BLOOD GROUPS AND ANTHROPOLOGY
FROM RACES AND PEOPLE
BY WILLIAM C. BOYD PH.D. and ISAAC ASIMOV PH.D.
Abelard-Schumann, New York
Now we can summarize our six genetic races: *
1. Australian (Aboriginal): low B or none, low M, no A2
2. American (Indian): low B or none, low N, no A2
3. Asian: High B, high Rhz, no A2
4. African: High B, high Rho, some rh (negative), high A2
5. European: moderately high rh (negative), moderate B, moderate A2
6. Early European: very high rh (negative), no B
The genes for O and A are so widespread among all groups of people that they are nearly useless in racial classification.
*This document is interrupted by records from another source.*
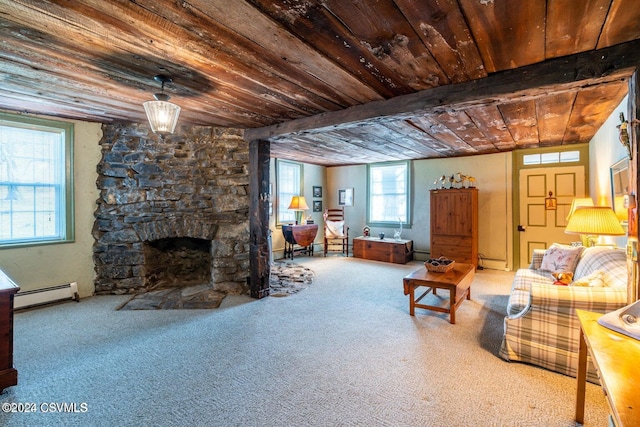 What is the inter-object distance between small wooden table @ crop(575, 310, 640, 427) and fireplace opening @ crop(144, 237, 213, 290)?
3923mm

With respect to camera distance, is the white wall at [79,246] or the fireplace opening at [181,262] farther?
the fireplace opening at [181,262]

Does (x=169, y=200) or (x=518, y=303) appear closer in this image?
(x=518, y=303)

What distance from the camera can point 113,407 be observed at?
1751 millimetres

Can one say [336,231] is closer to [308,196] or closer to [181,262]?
[308,196]

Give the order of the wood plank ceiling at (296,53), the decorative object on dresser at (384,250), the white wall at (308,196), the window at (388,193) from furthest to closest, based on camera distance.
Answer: the window at (388,193) < the white wall at (308,196) < the decorative object on dresser at (384,250) < the wood plank ceiling at (296,53)

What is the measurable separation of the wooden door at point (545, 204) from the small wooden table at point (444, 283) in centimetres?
232

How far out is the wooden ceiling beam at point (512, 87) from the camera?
1.82 m

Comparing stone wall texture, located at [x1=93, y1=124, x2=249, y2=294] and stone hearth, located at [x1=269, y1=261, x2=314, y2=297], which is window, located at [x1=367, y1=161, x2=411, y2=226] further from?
stone wall texture, located at [x1=93, y1=124, x2=249, y2=294]

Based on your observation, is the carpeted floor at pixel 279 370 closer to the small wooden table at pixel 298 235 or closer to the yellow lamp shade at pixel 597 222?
the yellow lamp shade at pixel 597 222

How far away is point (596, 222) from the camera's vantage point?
98.7 inches

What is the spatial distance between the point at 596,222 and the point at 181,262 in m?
4.76

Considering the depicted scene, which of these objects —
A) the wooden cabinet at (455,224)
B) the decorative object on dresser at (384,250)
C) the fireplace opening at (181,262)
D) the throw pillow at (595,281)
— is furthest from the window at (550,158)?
the fireplace opening at (181,262)

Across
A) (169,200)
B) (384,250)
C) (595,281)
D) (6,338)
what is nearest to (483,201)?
(384,250)

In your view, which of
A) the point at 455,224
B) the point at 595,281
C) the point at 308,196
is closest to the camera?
the point at 595,281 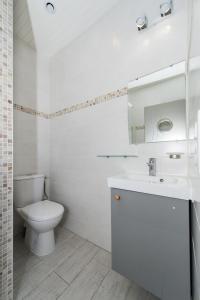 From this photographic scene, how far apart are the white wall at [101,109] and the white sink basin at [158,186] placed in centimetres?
10

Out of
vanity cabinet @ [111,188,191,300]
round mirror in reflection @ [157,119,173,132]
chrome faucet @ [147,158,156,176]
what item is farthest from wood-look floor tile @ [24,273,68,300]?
round mirror in reflection @ [157,119,173,132]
The six races (plus a seventh race which is less clear-cut) divide the world in an interesting manner. We can follow immigration waves that we could not follow if we used skin color or some other obvious physical characteristic. For instance, a group of immigrants high in A must have entered western Japan from Korea in the not distant past and spread eastward. That would account for the variation of frequency in the A gene in different parts of Japan.
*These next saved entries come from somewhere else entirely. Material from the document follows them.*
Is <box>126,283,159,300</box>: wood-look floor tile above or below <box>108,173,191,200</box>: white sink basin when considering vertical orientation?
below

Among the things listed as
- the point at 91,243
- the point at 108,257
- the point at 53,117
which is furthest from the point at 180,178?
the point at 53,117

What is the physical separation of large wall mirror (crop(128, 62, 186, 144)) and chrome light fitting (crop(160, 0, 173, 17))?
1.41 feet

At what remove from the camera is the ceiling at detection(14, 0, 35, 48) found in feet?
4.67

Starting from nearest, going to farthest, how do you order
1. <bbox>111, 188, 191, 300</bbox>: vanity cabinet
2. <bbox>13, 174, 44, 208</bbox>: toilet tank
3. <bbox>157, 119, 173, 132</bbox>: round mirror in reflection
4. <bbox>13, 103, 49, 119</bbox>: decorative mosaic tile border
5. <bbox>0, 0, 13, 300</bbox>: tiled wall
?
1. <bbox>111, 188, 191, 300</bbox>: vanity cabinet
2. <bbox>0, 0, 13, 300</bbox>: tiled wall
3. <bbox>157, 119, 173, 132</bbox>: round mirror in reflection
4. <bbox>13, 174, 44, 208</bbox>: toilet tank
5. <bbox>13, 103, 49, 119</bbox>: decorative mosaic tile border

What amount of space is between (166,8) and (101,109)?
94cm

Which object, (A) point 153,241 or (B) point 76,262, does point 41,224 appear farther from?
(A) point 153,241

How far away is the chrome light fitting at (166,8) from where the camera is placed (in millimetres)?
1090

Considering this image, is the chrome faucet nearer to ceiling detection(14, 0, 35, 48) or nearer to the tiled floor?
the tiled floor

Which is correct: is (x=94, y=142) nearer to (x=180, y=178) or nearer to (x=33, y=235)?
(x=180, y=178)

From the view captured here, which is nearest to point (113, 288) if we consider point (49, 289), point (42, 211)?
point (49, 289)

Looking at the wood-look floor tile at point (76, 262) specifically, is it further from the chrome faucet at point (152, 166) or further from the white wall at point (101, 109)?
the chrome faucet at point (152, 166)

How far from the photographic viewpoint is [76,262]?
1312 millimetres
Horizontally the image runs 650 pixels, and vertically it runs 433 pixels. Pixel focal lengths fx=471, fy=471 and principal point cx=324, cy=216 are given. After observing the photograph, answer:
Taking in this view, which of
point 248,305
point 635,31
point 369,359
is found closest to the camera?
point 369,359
As we learn more about the blood-group genes, and about other genes, too, and as we test more and more people all over the earth, we can expect to be able to trace man's evolution more exactly and to learn the stages by which he has populated the world.
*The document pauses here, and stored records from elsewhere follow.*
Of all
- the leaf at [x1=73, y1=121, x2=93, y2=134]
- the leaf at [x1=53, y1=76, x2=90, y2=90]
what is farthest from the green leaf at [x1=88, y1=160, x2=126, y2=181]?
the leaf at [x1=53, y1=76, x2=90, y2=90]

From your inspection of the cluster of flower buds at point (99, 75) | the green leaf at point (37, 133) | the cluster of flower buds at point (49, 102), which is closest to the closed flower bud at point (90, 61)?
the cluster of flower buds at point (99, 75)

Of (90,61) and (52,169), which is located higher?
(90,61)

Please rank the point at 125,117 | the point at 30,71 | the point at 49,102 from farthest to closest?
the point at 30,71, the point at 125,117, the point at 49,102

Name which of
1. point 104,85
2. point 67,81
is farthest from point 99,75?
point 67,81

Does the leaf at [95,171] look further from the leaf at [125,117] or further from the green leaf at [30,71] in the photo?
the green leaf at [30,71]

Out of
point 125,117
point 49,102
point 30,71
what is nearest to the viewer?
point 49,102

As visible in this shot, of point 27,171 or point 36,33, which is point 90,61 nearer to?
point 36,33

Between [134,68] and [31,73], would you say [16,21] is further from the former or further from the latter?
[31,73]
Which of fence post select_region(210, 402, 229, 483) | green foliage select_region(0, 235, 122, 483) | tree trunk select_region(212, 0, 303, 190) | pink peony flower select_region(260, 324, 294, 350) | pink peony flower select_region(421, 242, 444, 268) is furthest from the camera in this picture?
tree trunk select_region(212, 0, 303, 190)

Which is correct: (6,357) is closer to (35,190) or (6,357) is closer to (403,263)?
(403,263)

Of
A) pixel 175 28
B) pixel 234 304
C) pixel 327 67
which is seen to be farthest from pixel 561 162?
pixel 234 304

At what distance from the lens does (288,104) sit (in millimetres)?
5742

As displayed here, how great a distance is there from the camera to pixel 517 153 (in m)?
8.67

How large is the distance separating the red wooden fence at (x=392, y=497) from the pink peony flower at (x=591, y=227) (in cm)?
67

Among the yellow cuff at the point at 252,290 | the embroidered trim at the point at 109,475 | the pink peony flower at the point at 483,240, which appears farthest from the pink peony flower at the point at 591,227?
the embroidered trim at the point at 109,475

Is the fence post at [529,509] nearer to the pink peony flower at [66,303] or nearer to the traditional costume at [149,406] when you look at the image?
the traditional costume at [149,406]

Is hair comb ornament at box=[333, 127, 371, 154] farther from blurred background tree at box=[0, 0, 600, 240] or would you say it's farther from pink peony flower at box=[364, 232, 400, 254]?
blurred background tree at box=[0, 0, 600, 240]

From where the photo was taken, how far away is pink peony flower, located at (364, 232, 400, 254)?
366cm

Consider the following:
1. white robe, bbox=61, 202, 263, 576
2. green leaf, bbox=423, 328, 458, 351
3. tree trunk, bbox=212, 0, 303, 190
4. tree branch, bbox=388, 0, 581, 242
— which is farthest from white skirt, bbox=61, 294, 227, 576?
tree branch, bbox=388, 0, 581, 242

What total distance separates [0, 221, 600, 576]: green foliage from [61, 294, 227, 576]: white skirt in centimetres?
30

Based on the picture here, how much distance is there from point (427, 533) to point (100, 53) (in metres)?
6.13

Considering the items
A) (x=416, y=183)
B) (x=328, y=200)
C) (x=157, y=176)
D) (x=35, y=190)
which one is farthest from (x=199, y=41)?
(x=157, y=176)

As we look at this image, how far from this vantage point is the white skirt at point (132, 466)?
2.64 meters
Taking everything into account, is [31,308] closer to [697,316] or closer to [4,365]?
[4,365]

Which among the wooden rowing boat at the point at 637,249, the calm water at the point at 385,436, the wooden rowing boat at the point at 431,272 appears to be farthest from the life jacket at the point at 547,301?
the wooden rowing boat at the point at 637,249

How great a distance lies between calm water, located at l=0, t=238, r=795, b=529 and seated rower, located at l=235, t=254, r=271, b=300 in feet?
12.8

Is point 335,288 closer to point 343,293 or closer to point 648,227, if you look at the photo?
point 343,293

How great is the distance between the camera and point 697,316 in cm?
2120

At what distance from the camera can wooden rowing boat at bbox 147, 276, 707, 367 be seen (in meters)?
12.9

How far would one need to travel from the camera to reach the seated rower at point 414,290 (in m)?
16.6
"Blood typing as a method not to determine race but to trace the different overall "types" of humanity and show how they have moved back-and-forth across the world."John H. Jenkins
The most troublesome peoples to pin down are those that live in Europe. Here a problem arises in the Rh blood-group series.
In order to explain the problem, let's just say a few words about the Rh series. One of the Rh genes is usually written as rh (with a small "r.") The rh gene is recessive to all the other genes in the Rh series. Therefore, it is only when a person is homozygous for rh (that is, has two rh genes) that it can be detected. Such a person is said to be Rh-negative. A person with only one rh gene or none at all is Rh-positive.
Rh-negative blood is one type that can have a drastic effect on human health. (Remember, we said at the beginning of the chapter that there was one.) Sometimes a mother is Rh-negative and her unborn baby is Rh-positive (having inherited one of the other Rh genes from the father). When this happens, some of the baby's erythrocytes may be destroyed and other serious damage also results. Consequently, the baby will die before birth or very shortly after.